EXERCISE DIRECTIONS ::
The exercise calls for the lines from the one containing "Allure Για Λέξη" to the end of the data below to be output exactly, pictures excluded.

RECORDED INFORMATION ::
* * *

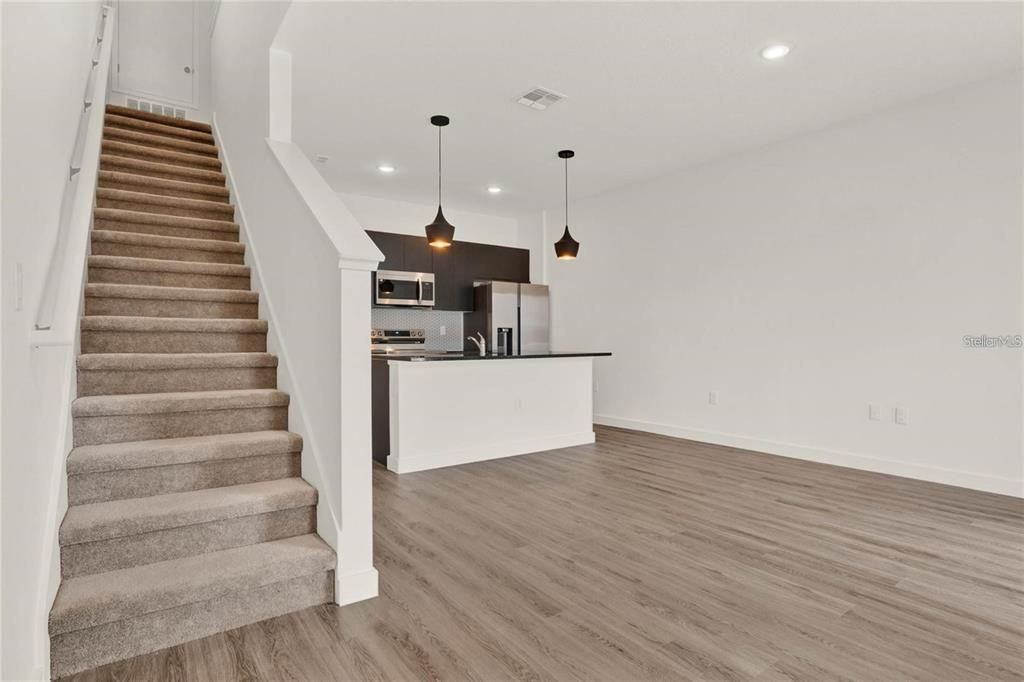 For Sale: $329,900 (3 beds, 3 baths, 1360 Square Feet)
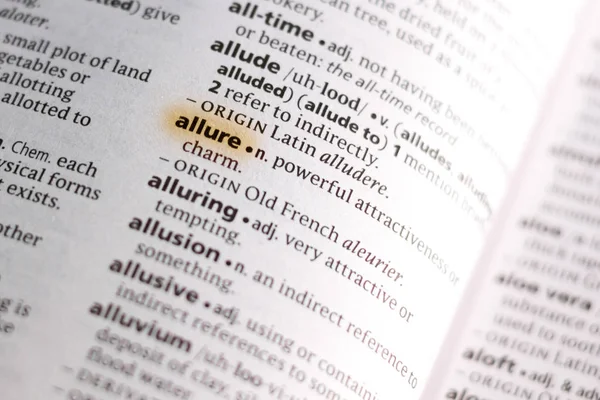 Allure Για Λέξη Φράση Ένα Λεξικό Που Επισημαίνονται Μαρκαδόρο — Φωτογραφία Αρχείου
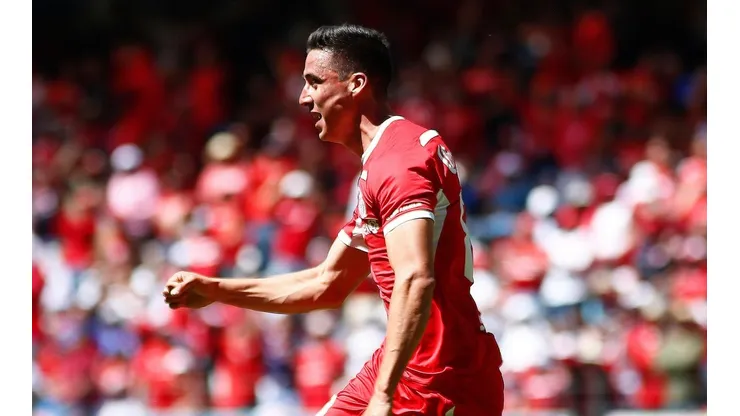 Tigres desmiente haber cerrado a Adrián Mora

* * *

ANSWER TO THE PROBLEM ::
 Allure Για Λέξη Φράση Ένα Λεξικό Που Επισημαίνονται Μαρκαδόρο — Φωτογραφία Αρχείου
 Tigres desmiente haber cerrado a Adrián Mora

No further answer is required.